FBOnto: An ontology to represent food intake data and associate it with metabolomic data


Date
Dec 20, 2018 12:00 AM
Event
VI Bioinformatics and Genomics Symposium
Location
Barcelona, Spain

Currently, nutrition research generates a lot of complex data hard to analyze and associate with other data or omics such as metabolomics. By itself, metabolomics is closely linked to nutrition. However, it is still difficult to associate these two types of data. One reason for this difficulty is the heterogeneity found in the information provided by participants in nutritional studies about what they have eaten. In order to manage this heterogeneity we have decide to build an ontology, describing foods in a hierarchichal way that enables a common description of food intake. This ontology contains formal naming, definition of the categories, properties, and relations between the concepts of two types of data, food and related metabolites.
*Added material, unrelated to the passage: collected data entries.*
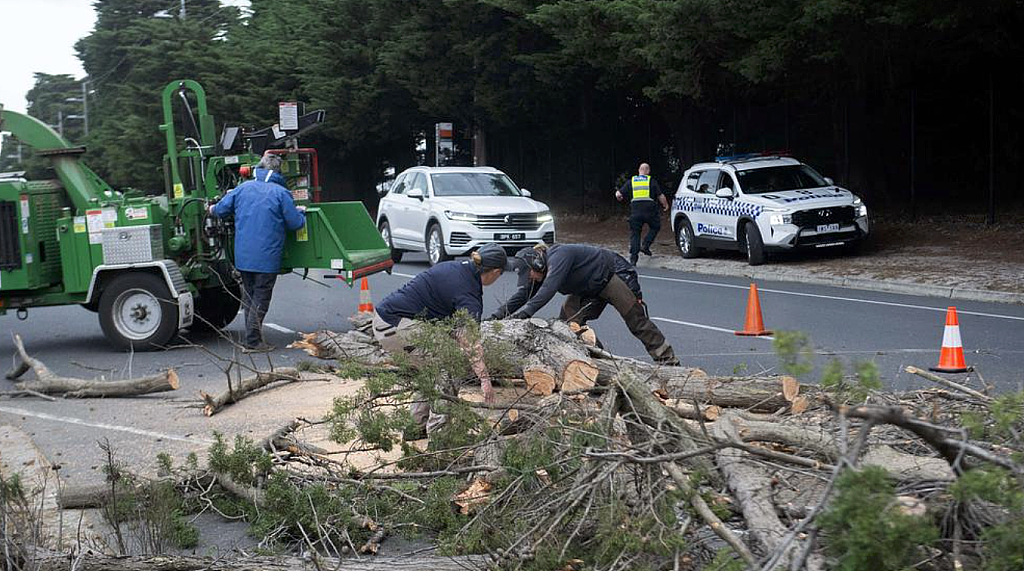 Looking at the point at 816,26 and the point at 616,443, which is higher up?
the point at 816,26

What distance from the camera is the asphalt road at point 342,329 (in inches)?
343

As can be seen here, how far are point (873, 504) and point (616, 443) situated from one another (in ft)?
5.43

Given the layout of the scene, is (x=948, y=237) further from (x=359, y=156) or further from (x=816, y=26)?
(x=359, y=156)

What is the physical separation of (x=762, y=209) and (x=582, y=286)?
11.9 meters

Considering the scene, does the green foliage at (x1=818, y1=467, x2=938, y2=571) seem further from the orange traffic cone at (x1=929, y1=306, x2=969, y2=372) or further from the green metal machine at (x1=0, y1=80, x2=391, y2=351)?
the green metal machine at (x1=0, y1=80, x2=391, y2=351)

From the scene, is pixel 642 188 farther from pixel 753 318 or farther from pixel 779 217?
pixel 753 318

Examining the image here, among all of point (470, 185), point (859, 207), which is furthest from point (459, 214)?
point (859, 207)

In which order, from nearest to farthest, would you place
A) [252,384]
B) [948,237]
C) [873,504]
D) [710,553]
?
[873,504] < [710,553] < [252,384] < [948,237]

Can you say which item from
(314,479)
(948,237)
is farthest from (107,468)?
(948,237)

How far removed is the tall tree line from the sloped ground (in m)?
1.19

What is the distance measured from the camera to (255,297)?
12.3m

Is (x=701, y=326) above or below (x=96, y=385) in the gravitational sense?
below

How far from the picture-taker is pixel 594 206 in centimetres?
3631

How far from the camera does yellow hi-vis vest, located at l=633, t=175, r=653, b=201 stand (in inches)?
914
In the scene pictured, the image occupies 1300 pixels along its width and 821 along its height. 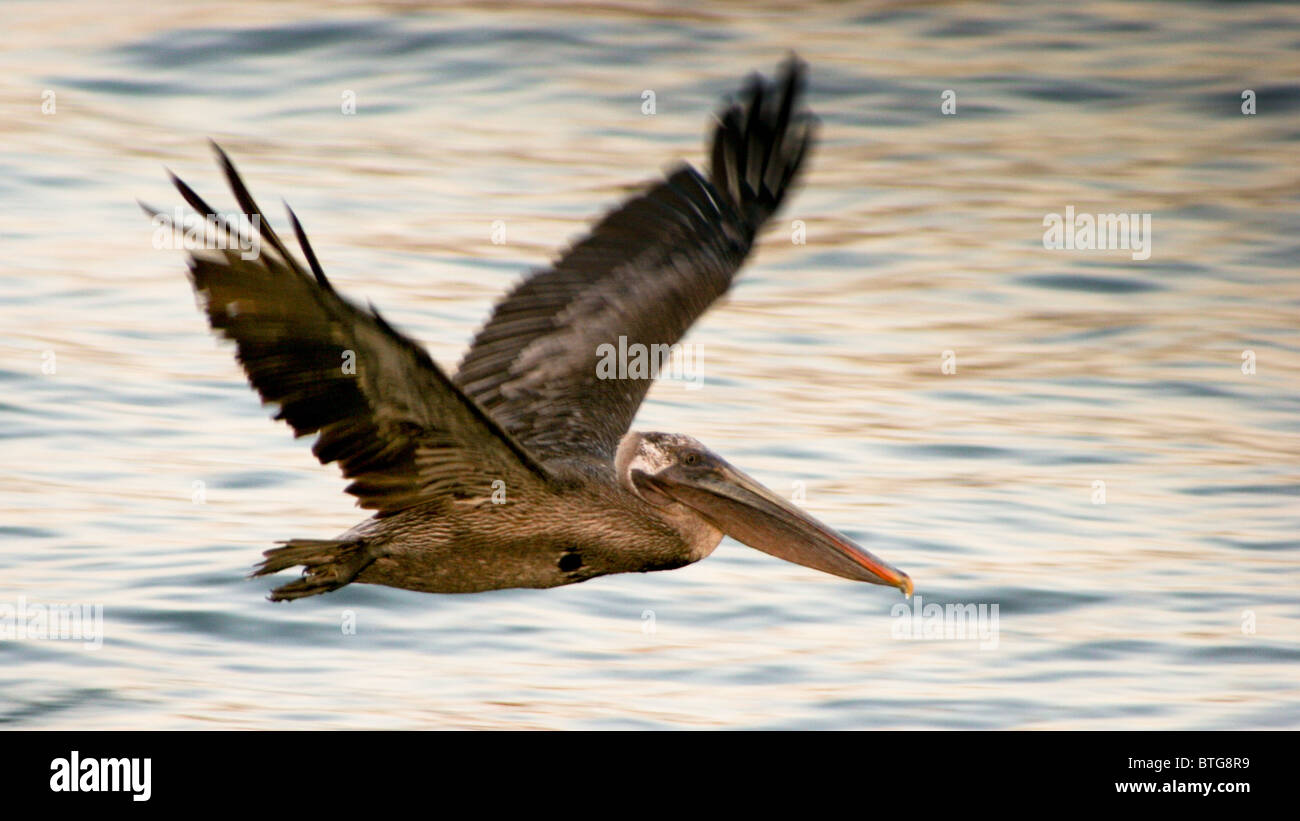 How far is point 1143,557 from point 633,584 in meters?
2.33

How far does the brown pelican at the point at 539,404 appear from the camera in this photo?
5105 mm

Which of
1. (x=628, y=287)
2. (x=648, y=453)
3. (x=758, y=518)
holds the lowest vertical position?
(x=758, y=518)

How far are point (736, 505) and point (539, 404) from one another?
0.96 metres

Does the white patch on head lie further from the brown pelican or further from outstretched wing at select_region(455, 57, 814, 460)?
outstretched wing at select_region(455, 57, 814, 460)

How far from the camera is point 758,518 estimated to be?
625cm

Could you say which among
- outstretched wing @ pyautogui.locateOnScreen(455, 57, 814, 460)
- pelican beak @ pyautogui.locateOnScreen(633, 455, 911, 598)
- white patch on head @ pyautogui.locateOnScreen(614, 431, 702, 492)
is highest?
outstretched wing @ pyautogui.locateOnScreen(455, 57, 814, 460)

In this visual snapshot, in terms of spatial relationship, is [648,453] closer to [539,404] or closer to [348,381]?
[539,404]

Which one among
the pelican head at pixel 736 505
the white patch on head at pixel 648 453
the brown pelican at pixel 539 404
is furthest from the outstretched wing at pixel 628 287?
the pelican head at pixel 736 505

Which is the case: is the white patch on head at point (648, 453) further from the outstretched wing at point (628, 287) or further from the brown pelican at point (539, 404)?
the outstretched wing at point (628, 287)

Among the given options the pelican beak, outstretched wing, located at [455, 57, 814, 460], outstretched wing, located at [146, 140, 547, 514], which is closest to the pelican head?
the pelican beak

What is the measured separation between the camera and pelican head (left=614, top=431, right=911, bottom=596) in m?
6.16

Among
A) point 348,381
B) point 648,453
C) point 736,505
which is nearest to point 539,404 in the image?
point 648,453

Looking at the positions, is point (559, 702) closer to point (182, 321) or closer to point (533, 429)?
point (533, 429)

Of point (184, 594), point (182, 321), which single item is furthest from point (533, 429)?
point (182, 321) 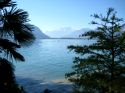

This ontology has been created using Protégé 5.2.0 version. As is common in ontologies, FBOnto (Food-Biomarker Ontology) has been written in OWL language (Web Ontology Language).

The ontology presented is called FBOnto and is made of two sub-ontologies. The first ontology describes foods: from simple such as fruits and vegetables to more complex foods such as ratatouille. The second ontology describes metabolites, grouped in their different chemical classes. The nodes or elements of these two sub-ontologies are connected by the properties of each one, so that if a metabolite is in different foods, it will connect with all of them. This ontology allows us to visualize data in a bidirectional way, going from metabolomics to nutritional data or vice versa. In addition, this ontology can also be useful for other analyses such as enrichment analysis or a novel concept, food-enrichment analysis.